Friday, February 19, 2016

Trump vs. Pope, 2016

A few days ago, in the midst of a contentious Presidential election year, candidate Donald Trump decided to voice opinion about comments that were made by Pope Francis. The Pope commented on Trump's campaign promise to build a wall to slow the movement of illegal/undocumented persons into the United States through the Mexico/U.S. border. In the course of those comments, the Pope stated that anyone who builds walls instead of bridges is not a Christian.

Trump fired back at the Pope. Trump called the comments disgraceful. Specifically, Trump felt that as a religious leader, the Pope had no grounds for claiming that Trump is not a Christian.

Since that time, Trump has backed away from the heat of an argument. He responded to Anderson Cooper about the remarks by saying that the comments may have been softer than the news media had reported. He even made the claims that he liked the Pope and complimented the Pope's work.

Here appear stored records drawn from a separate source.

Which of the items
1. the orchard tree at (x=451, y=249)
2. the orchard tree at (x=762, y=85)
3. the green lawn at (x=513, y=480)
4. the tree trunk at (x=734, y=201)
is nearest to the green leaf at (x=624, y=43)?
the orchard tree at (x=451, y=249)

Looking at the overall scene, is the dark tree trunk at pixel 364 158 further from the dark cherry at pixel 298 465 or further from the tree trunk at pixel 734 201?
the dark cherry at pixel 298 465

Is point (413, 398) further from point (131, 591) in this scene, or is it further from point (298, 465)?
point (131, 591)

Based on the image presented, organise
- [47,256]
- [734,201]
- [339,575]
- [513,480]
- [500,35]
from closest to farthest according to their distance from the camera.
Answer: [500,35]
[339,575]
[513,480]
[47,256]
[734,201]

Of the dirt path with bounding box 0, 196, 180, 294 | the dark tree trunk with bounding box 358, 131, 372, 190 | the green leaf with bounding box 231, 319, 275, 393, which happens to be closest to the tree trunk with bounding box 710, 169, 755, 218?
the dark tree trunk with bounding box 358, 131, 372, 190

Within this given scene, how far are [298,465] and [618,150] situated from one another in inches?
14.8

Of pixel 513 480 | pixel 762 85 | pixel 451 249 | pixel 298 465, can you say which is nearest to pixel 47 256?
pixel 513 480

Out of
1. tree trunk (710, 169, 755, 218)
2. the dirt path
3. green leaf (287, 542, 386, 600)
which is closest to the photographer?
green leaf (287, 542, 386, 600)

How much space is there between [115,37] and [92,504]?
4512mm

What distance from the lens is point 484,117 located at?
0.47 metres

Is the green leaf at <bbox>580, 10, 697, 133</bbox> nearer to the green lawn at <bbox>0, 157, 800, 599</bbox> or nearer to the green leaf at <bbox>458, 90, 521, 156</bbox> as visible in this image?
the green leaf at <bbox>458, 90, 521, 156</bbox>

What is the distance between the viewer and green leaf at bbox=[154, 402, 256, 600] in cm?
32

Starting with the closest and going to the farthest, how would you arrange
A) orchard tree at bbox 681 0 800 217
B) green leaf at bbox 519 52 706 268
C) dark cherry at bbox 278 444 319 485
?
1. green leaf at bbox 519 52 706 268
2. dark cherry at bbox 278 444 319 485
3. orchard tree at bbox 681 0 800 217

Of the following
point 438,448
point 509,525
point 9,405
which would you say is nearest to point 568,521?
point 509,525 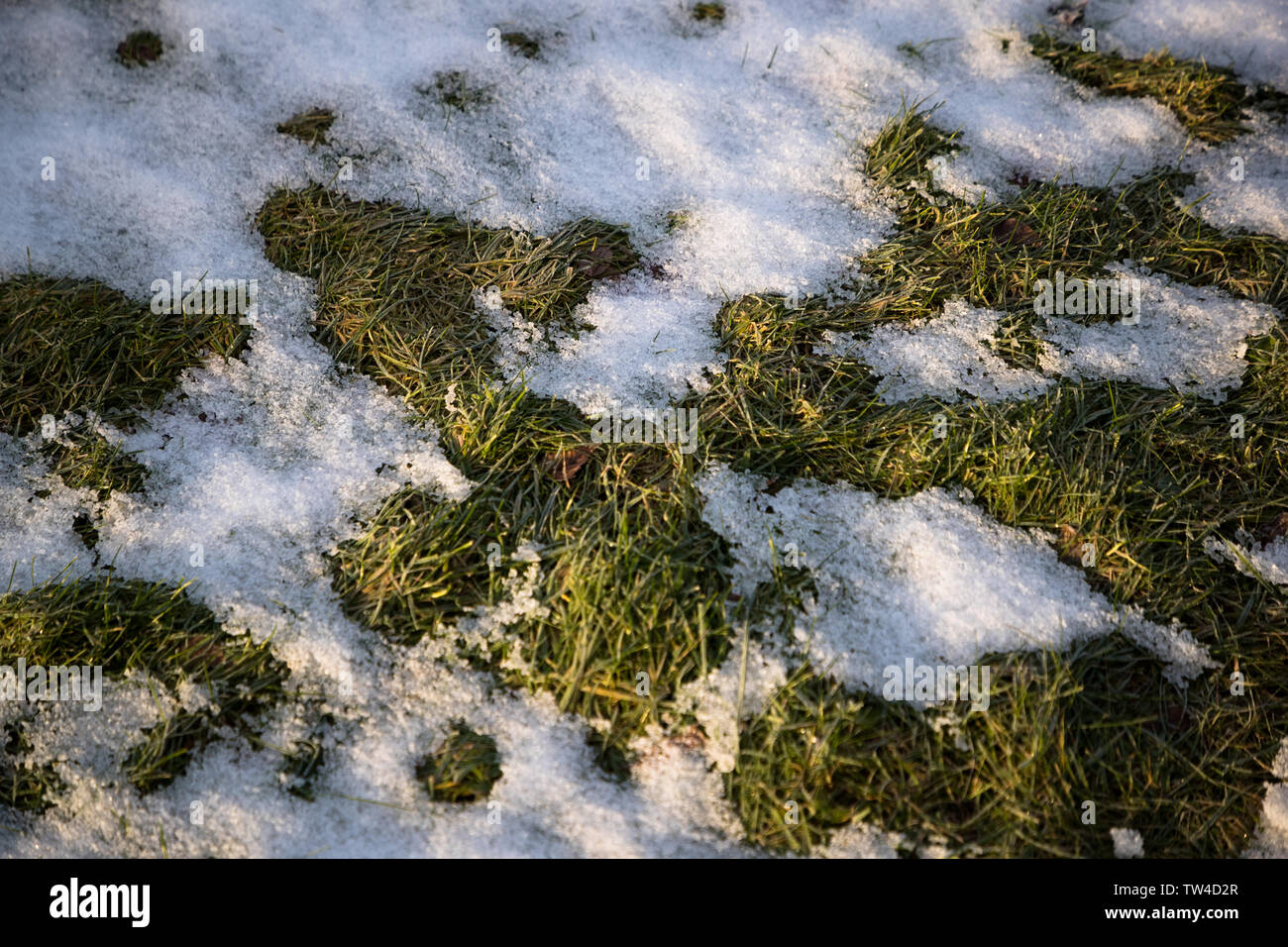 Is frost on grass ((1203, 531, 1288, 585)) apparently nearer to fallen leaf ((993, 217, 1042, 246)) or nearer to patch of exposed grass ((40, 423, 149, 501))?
fallen leaf ((993, 217, 1042, 246))

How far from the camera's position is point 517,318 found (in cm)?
335

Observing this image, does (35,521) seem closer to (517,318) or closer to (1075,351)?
(517,318)

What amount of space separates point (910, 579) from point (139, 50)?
440 cm

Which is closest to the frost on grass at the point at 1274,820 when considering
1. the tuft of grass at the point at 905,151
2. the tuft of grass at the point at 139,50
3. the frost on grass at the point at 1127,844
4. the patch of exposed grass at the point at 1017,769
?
the patch of exposed grass at the point at 1017,769

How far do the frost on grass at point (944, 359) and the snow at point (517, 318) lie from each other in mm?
16

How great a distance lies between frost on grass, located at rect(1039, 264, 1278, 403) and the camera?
126 inches

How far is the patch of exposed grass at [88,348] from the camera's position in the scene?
3.11m

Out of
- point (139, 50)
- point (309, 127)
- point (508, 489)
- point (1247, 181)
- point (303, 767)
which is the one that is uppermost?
point (1247, 181)

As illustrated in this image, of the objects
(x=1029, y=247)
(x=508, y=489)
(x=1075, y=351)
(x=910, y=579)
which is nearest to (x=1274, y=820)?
(x=910, y=579)

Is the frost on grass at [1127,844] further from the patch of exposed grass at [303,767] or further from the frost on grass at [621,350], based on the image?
the patch of exposed grass at [303,767]

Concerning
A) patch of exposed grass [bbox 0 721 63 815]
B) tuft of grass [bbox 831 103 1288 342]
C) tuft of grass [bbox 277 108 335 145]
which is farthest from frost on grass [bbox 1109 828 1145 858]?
tuft of grass [bbox 277 108 335 145] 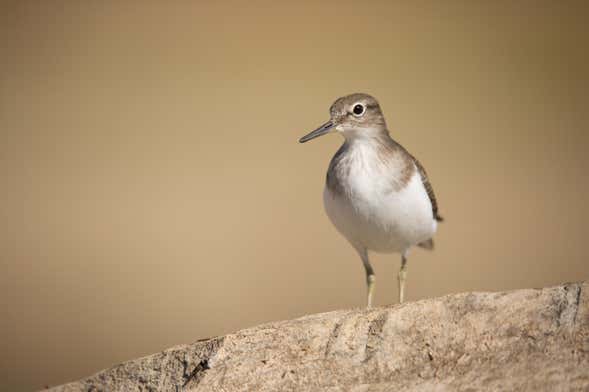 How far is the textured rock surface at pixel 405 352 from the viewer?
582cm

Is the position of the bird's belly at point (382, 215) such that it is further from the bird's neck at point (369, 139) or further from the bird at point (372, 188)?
the bird's neck at point (369, 139)

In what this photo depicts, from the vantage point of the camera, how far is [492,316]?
6.38 m

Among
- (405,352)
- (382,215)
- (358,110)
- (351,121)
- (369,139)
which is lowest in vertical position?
(405,352)

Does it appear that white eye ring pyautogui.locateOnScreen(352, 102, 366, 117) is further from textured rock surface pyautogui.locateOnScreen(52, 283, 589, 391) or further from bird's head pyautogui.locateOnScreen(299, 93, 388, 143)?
textured rock surface pyautogui.locateOnScreen(52, 283, 589, 391)

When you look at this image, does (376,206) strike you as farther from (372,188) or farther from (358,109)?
(358,109)

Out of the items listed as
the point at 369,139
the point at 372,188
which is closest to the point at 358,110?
the point at 369,139

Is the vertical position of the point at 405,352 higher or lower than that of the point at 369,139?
lower

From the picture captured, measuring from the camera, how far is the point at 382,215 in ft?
30.0

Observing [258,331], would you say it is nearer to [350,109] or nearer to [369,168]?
[369,168]

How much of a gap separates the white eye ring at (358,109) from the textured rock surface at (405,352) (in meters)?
3.39

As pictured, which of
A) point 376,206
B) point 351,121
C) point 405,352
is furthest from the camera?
point 351,121

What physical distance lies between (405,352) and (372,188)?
10.3ft

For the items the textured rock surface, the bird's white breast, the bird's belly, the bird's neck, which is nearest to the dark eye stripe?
the bird's neck

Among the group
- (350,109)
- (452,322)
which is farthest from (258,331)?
(350,109) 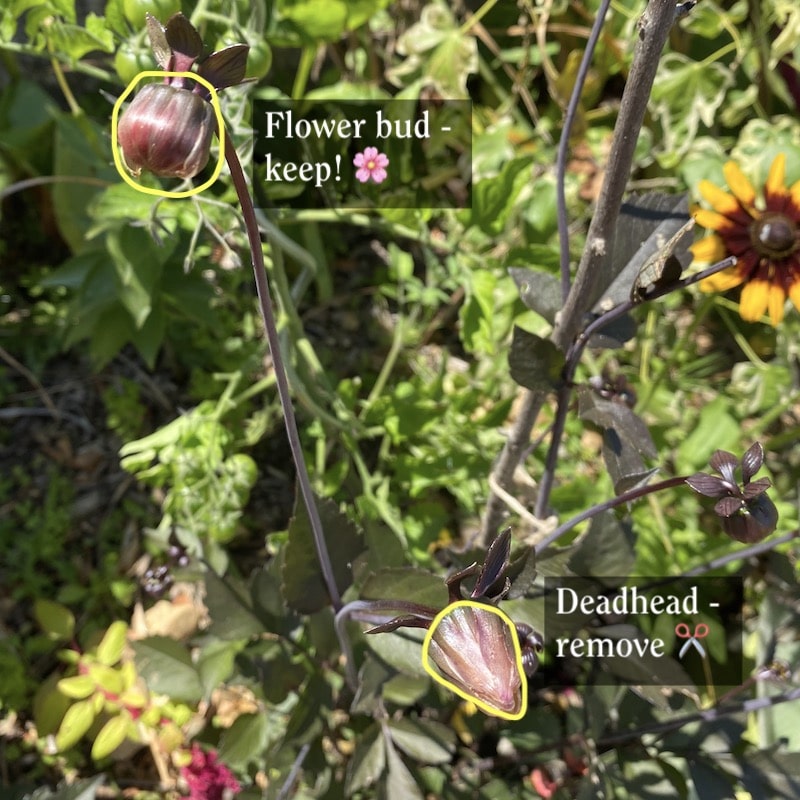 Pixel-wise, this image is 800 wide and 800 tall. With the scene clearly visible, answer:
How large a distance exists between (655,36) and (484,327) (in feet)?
1.90

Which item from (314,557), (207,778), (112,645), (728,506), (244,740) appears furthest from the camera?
(112,645)

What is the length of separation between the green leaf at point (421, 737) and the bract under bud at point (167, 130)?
68 centimetres

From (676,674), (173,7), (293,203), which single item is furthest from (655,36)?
(293,203)

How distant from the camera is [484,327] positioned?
104 centimetres

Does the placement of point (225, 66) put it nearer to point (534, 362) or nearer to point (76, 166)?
point (534, 362)

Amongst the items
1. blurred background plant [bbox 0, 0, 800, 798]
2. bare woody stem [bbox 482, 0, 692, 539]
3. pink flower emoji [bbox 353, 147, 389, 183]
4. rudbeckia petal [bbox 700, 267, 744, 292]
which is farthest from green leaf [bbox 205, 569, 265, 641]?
rudbeckia petal [bbox 700, 267, 744, 292]

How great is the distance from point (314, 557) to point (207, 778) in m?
0.47

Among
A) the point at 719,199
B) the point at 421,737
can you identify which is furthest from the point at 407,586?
the point at 719,199

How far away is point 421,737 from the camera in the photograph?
846 mm

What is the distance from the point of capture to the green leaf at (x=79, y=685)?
113 cm

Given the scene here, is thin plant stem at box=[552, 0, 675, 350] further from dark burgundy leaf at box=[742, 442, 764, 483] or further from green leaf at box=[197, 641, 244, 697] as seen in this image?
green leaf at box=[197, 641, 244, 697]

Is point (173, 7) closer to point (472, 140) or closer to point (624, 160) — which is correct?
point (624, 160)

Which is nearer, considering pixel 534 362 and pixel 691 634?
pixel 534 362

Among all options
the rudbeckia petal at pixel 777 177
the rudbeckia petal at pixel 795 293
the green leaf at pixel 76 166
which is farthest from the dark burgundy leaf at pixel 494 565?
the green leaf at pixel 76 166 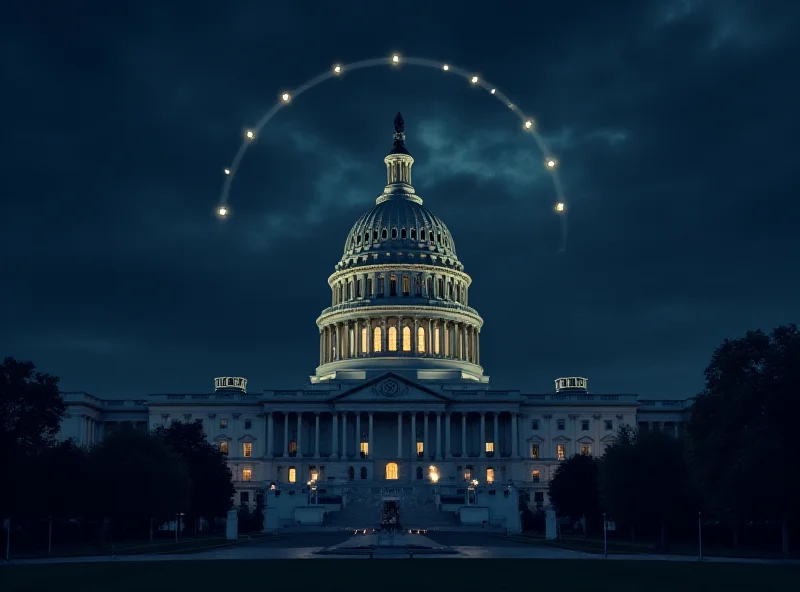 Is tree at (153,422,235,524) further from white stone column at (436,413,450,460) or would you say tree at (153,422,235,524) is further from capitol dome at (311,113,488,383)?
capitol dome at (311,113,488,383)

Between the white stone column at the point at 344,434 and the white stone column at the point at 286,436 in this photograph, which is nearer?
the white stone column at the point at 344,434

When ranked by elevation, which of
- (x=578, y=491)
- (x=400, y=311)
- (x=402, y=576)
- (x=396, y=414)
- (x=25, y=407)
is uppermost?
(x=400, y=311)

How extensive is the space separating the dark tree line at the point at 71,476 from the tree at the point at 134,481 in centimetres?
8

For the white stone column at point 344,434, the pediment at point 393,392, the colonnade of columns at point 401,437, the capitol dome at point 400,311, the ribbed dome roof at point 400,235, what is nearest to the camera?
the colonnade of columns at point 401,437

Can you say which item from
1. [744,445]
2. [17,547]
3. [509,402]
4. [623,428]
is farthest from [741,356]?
[509,402]

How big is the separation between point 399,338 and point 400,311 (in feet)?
15.0

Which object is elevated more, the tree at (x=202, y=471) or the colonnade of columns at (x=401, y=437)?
the colonnade of columns at (x=401, y=437)

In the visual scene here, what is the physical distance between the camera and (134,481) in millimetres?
94625

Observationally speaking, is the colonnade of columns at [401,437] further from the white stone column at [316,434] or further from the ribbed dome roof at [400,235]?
the ribbed dome roof at [400,235]

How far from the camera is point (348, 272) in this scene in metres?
196

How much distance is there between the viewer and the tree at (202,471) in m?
116

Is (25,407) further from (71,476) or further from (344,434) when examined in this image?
(344,434)

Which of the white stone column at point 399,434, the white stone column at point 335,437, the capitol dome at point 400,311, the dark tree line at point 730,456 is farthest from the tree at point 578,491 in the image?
the capitol dome at point 400,311

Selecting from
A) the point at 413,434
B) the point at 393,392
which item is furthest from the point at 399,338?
the point at 413,434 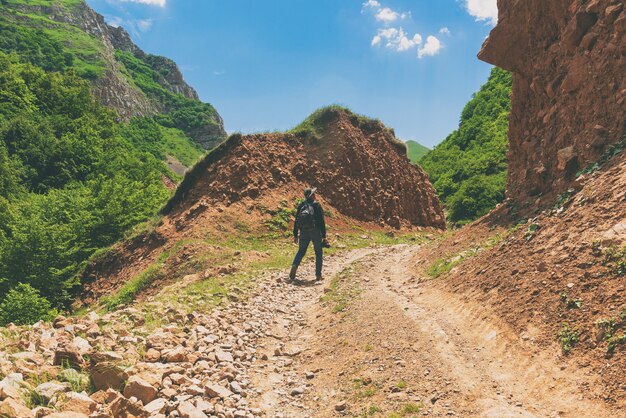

Here is where I need to step in.

As I read it, Donald Trump feels that as long as a religious leader is doing good work and being charismatic and very full of energy, then a religious leader can remain on his good side. But when a religious leader is calling a person to account for their behavior or intervening into a private issue, such as religious faith, then it is disgraceful.

I think Donald Trump may be the ideal American religious person.

He does not feel that any person has a right to judge another in areas that are privately held. And he is not alone. There is a huge sentiment within our culture that says, "I have a right to believe whatever I want and you don't have the right to judge me or hold me accountable." The privatization of faith is well entrenched even in our churches.

Who has the right to hold Christians accountable for their actions or deeds or behavior?
Who has the right to determine what defines a "good Christian"?
Who has the right to establish the boundaries for what it means to be a person of faith or a person outside of faith?

All of these questions have become personalized over the course of the last 400 years. One consequence of the European Reformation was that faith became a personal issue. Stepping out of the authority of the Pope began to localize authority. The Orthodox Church functioned that way from the beginning. But within the rest of European Christian experience until the Reformation, Christians were bound to the authority of the Pope and Church. After the Reformation, authority began to be localized in protestant groups. Lutherans, Calvinists, Anglicans, and so on, grew up around an authority based within the group.

But after the Enlightenment, when "all" persons were established to have rights and freedoms, then the localized authority became privatized. This was not an immediate reaction. It has taken time to become fully enmeshed in Christian culture. But it is clearly visible within the life of Christians.

Or are they Christians?

There are plenty of surveys and polls taken on how religious Americans are. And the numbers have been consistently higher than the middle. The most recent trends put the number of "christians" in the 60-70% range. And there is a lot of hand wringing over how those numbers are dropping. But when you compare those numbers to markers of how Christians live out their faith, you begin to see the discrepancies. Church attendance and participation, prayer, reading the Bible, participating in service or mission outside of church all show significantly lower percentage numbers.

Maybe I can be accused of using statistics and numbers to justify. But I also look at how often "christians" take to social media and betray a lack of love and justice and kindness and mercy within their souls. I can hear people talk about how they will not forgive someone or they deserve to be treated better or another person is less valued  and I know that is not coming from a heart like Christ.

I am not perfect. I make mistakes. And at times I wonder how "christian" I am. But in the midst of that falling short, and being honest about it, I can become better. I can improve. I can become more like Christ. And everyone can, too.

But I cannot do anything in another person's life if they do not believe or accept that I have the authority to do so.

God has placed a call on my life to be an apostle - sent under the Holy Spirit's power and guidance to be a voice of authority regarding life, revelation, and Scripture - to guide others in becoming mature in their faith and following of Christ. The United Methodist Church has seen (graciously) fit to ordain me under the authority of a leader (the Bishop) to be a religious leader among a community of believers. If I am to be faithful to my calling, then the authority granted to me is to evaluate another believers life (check the membership vows of the United Methodist Church) and hold them accountable to the life they claim.

We all are called as followers of the Christ to live by a different set of boundaries. We are empowered by the Holy Spirit to live a different kind of life. And God has joined us together in community to lead and guide each other in following those boundaries and leading that life. Religious leaders have the authority to call another person's belief into question if it does not fall within the boundaries or if their life has taken a different path.